Dan brakkk...!, anak ku menabrak tanpa ampun sepeda motor tanpa spion tersebut sehingga terpental kekanan sekaligus membuat garpu dan kerangka motor melengkung, sedangkan tubuh pengendara motor melayang menghantam kap mobil kiri lalu kepala-nya membentur kaca depan sampai hancur dan tubuhnya terpental kekiri. Dengan radiator bocor, dudukan lampu patah, gril dan bemper kiri remuk, Si Sulung menghentikan mobil-nya sampai menimbulkan bunyi berdecit keras dan panjang, serta jejak hitam ban kiri yang kempes seketika sekitar 7 meter-an di aspal (jejak ban ini nantinya tidak menghilang selama dua mingguan) serta langsung dikerubungi security kompleks dan polisi (yang kebetulan bertugas mengamankan acara konser jazz). Menurut saksi mata, sebagian penonton konser kaget mendengar decitan ban dan suara tabrakan, berlarian keluar meninggalkan konser untuk melihat kecelakaan tersebut.

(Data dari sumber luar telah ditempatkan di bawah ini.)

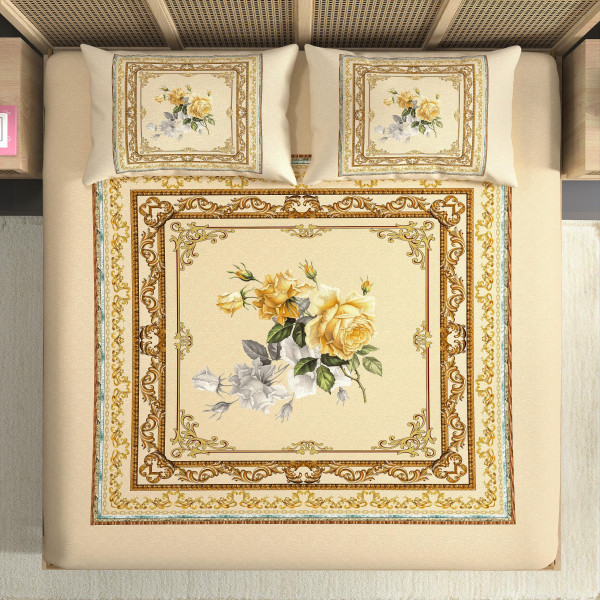 Elegance 210 TC Pure 100% Cotton King Size Bedsheet With Two Pillow Cover Set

Saat aku sampai dilokasi, Si Sulung berdiri dengan wajah galau, shock dan pucat pasi sambil menatap ku dengan ekspresi memohon pertolongan berdiri diantara beberapa polisi yang terkesan sedang mengintimidasi-nya dan security kompleks yang sedang memroses BAP. Sedangkan korban telah dibawa ke UGD Rumah Sakit terdekat (Cahya Kawaluyaan) dengan menggunakan mobil security kompleks.

Kilas balik sedikit, belakangan ini Si Sulung setelah mulai memasuki masa remaja, selalu mempunyai acara sendiri, sehingga tidak seperti setahun yang lalu dimana kami sekeluarga selalu bersama-sama menghabiskan acara saat weekend, maka saat2 seperti sekarang, hal ini sudah sangat sulit untuk dilakukan. Aku selalu menyampaikan pada Si Sulung betapa waktu2 bersama keluarga adalah hal penting, karena begitu lewat, masa ini akan jadi kenangan yang tak dapat kembali dinikmati. Bahwa teman untuk bersenang-senang akan sangat mudah ditemukan dimanapun sebaliknya saat2 kesulitan keluarga lah yang lebih dapat diandalkan, tetapi apa2 yang aku sampaikan seakan akan masuk telinga kiri dan langsung melompat keluar dari telinga kanan.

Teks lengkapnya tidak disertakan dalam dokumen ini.